Here’s an article I wrote for a newsletter I write for. Given the tragic messages coming out of the southern states, in the wake of hurricane Katrina, I thought I’d share it with you gentle readers, as well.
Just take a look at the headlines from any major newspaper and you’ll realize that the world is an ever changing place. Nothing is completely secure, and disaster can strike us at a moment’s notice, with little to no warning. When you take natural and economic disasters as major components in financial uncertainty, the picture starts to feel overwhelming. If we are prepared, however, we can survive and prosper during such uncertain time.
Odds are, you neighbor spends more than he or she makes. Maybe you do, too. The same could be said of local and national governments. Debt and mortgages are the norm. The result of spending money is inflation. If we understand the dangers involved, though, we don’t need to be eaten alive. We just need to make some simple decisions regarding our assets.

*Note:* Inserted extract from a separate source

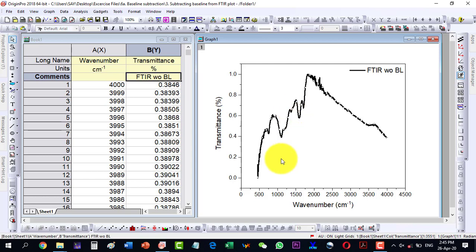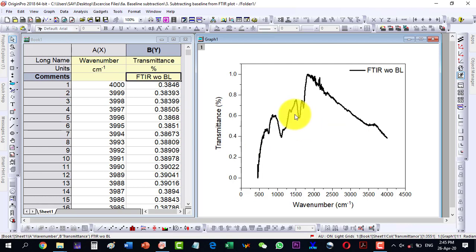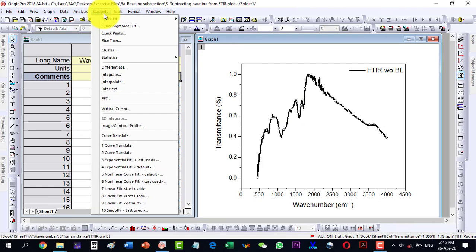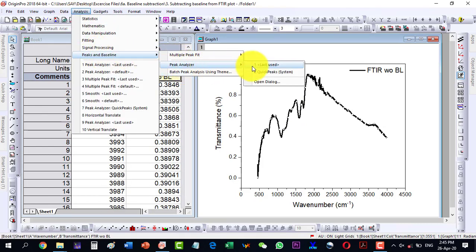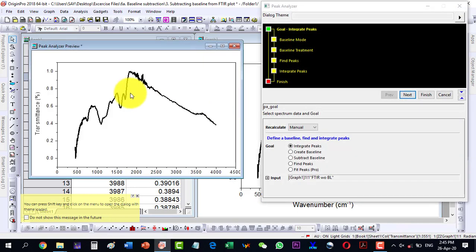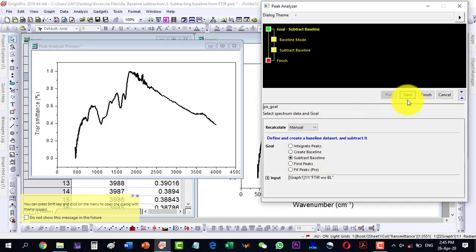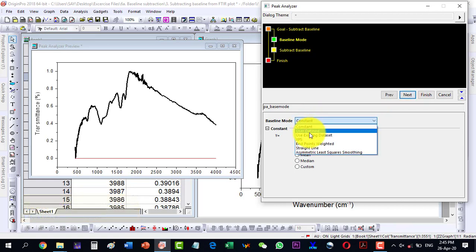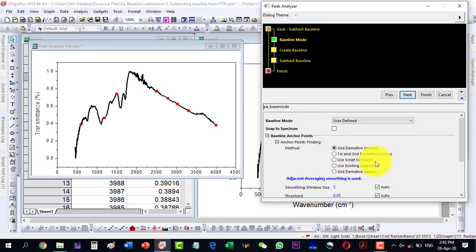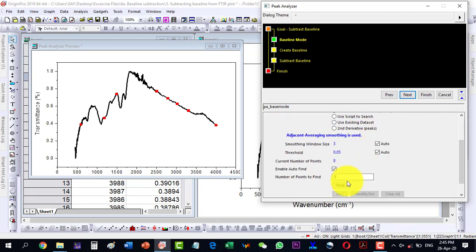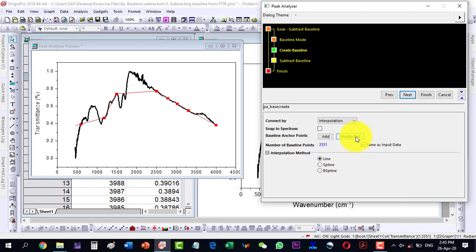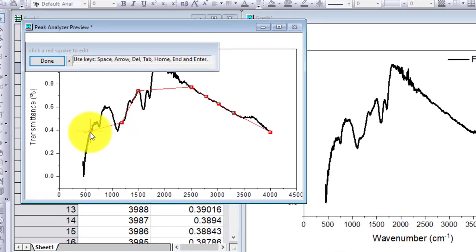Here is an FTIR plot and I would like to subtract the baseline from it so that this point and this point are on the same line. These baseline points should lie on a straight line. Select the plot, go to Analysis, then Peaks and Baseline, then open the dialog. I select Subtract Baseline, click Next, choose user-defined mode — it has already selected eight points, but I will need to modify them.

Inflation leads to one thing, a decrease in the value of your money. Historical and contemporary trends have shown that national and international crisis weaken personal pocketbooks and shatter national economies. Our economic future depends on the value of the U.S. dollar, which is recurrently at risk for collapse.
In like manner, individual retirement accounts may be robbed. Retirement annuities that may have looked promising twenty years ago may have had their strength reduced as the value of the dollar decreases. While you may have felt at one time that it would be enough, with a decrease in buying power you may end up living at or below the poverty level. In short, inflation reduces spending power and diminishes the value of your assets. The only people who win in such situations are: big borrowers (like the government), big businesses, mortgage companies, and those who invest early to hedge against potential financial chaos.

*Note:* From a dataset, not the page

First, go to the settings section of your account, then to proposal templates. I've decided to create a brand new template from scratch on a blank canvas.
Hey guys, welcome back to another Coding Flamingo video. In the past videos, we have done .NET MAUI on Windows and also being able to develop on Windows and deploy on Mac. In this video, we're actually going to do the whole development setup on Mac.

Costly safety and other services in major cities, along with a preponderance of poor and dissatisfied inhabitants, may become the first victims of inflation and economic disruption. The already dangerous climate in our cities is worsening. Crime pays because so few criminals go to jail. Welfare roles swell because there is little economic incentive to work; slums expand, property values plummet, and jobs become scarce.

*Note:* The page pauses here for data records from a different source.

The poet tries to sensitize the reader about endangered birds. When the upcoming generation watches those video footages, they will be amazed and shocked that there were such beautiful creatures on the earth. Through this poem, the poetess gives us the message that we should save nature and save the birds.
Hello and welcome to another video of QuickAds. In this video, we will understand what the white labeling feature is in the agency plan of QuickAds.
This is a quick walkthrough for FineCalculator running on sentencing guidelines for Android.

Even if the odds favor good times, it can be useful to create a financial safety net. If you have reasonable self-sufficiency you can survive, even if various resource distribution methods suffer set backs for a while.
Avoid Unnecessary Debt
Financial over-extension creates risk, and accompanying fear. Borrow only to purchase income-producing investments, or those that inflate in overall value. Pay off your credit card and mortgage debt as fast as you can. When buying a home or investment properties, either pay in immediate cash, or invest as little cash as possible. By choose one of the two extremes, you avoid the interest of a mortgage, and leave your funds available for other good investments.
Spread Your Risk
Don’t put all of your investment “eggs” in “one basket.” If one investment loses money, the others can take up the slack. In other words, diversify your investment portfolio. You may lose money in one investment, but because the others remain more or less intact, your total assets are not affected as strongly.
Be Highly Self-Sufficient
Learn about food storage and plant gardens. Raise food animals like chickens or rabbits, if you can. Have a good generator, a fresh water supply, and other forms of back up heat and energy where possible. A good bicycle can be useful, as well. Learn practical skills such as home and auto repair.
Plan Your Future as if Social Security Didn’t Exist
Maintain some cash reserves for emergencies, but don’t keep all of it in a savings or checking account. Money-funds and treasury bills can earn better rates, are liquid, and safe.
Create a Crisis Supply
Have on hand enough usable food to last one year. Dehydrated food and extra water storage should be a top priority. This can “panic-proof” you by creating your supply before a crisis can strike. Food and water are vulnerable commodities. Weather conditions, oil supplies, transportation and worker demands, not to mention economic need, all contribute to the ability to obtain food. Remember, no one can raise the price of food you’ve already bought.
No amount of preparation will be perfect for all situations, but by taking a few common sense steps, and creating a safety net should hard times come, we can prosper when trials come our way. Such simple steps help us make real progress towards meeting our present goals, future prosperity, and giving us peace of mind.